Im never going linux. Its a pain.
Unfortunately after repartitioning my ssd to keep the existing data on the ssd safe, pop os installed but refused to boot after a restart.

I just gave up on the ssd and completely formatted my hard drive and successfully installed pop os. After a reboot it booted however i couldnt install steam. I remembered then my wifi dongle doesnt work on linux. Aargg.

Ill try it with a different adapter if I can find a spare.
 
Im never going linux. Its a pain.
I think realistically this is currently the case for Linux, and may never actually have a high enough ease of use factor for mainstream. It's easy to get lulled into thinking after watching a few guides that it will go smoothly, but most whom love it are basically tech geeks.

Any open source software can be frustrating at times. I learned pretty quickly from trying KOBI for aerial TV viewing that such software is not as user friendly as most guides make them out to be. I use Avidemux for editing and compressing my game videos, which is open source. I find it fairly easy to use, far easier than OBS. However pretty much everyone I've recommended it to passes because they feel it will be too complex. If I so much as tell them you can easily resize your 1080p vids to 1440p with it to make use of YouTube's 3 to 4 times higher conversion bitrate and make your 1080p vids no longer look blurry on YT, they think even that will be too complex. Most players these days want something that's quick and easy, which is why I don't see Linux gaming going anywhere, unless streamed for you over servers like with Stadia.

That said, a good point was made on Stadia regarding data caps. I read just the other day that 4K 60 FPS game streaming can consume 1TB of data usage in about 65 hours of gaming, which is far less than a month for avid gamers, maybe more like 2 weeeks. When I first got on my 100 Mb ISP speed I signed on for unlimited data for only $10 more a month (normally it's $20). However I dropped it because my usage was consistently far under the default 400 GB cap, and it was looking like Netflix would take quite some time (if ever) to stream 4K content.

The thinking was, by the time 4K streaming becomes common place, so will FO and affordable high speed internet in the US, so I couldn't see wasting that $10 a month meantime. I often wonder though if the greedy communication industries in the US will always overcharge compared to the rest of the world.

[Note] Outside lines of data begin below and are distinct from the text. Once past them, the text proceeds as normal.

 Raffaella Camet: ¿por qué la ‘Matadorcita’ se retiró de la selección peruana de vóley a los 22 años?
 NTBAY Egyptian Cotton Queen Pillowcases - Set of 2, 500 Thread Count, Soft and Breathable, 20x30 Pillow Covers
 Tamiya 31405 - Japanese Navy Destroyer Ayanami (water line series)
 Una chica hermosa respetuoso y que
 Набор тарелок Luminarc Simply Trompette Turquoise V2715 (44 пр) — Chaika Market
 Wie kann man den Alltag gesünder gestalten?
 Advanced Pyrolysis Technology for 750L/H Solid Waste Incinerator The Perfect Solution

If more people do steam gaming, Proton will get more support.
If Proton gets more support, there will be more Linux gamers.

I say it should work fine and maybe actually better thanks to Linux being more lightweight in general.
I might actually dual boot PopOS and win10 just to test this.
The thing is though, for mainstream users, Steam has already peaked. Now I know full well Uplay, Origin, and Epic Games don't really compare, but they're finding ways to compete just the same, and doing fine by it. Then you factor in Stadia, and we have a whole new situation where if anything, Steam has not only more competition, but a bigger struggle to stay on top.

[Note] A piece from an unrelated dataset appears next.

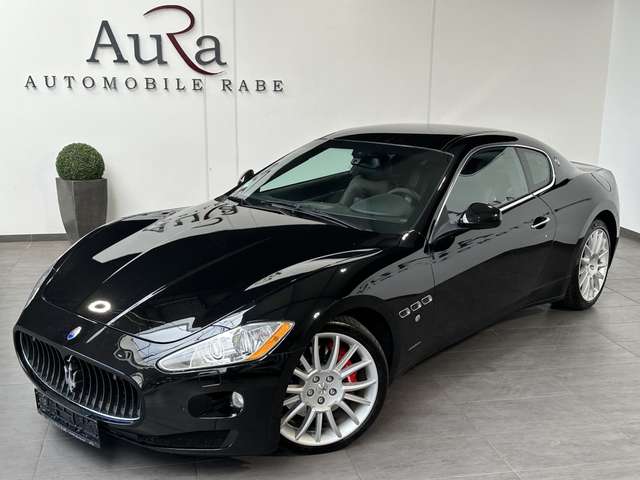 Imagine Maserati GranTurismo S 4.7 V8 NAV+XEN+TEMPOMAT+2HD+20ZOLL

If streaming becomes the future of gaming, I have to think Stadia has the edge. To say Stadia is the new kid on the block isn't the whole story either, because the YouTube infrastructure it's using has been the biggest game video streaming service in the world since it's inception. Bumping up to game streaming is just a matter of adding the needed hardware, bringing in developing partners, and ironing out the policies.

I'm not sure if some of you know it or not, especially those worried about latency streaming games, but Id, one of Stadia's biggest partners, developed a software tool called Orion specifically to make streaming more efficient. It is said that it can add a 20% performance boost to games that are streamed. That in itself is huge, and Stadia streaming, especially on Google's massive infrastructure, will make past game streaming pale in comparison.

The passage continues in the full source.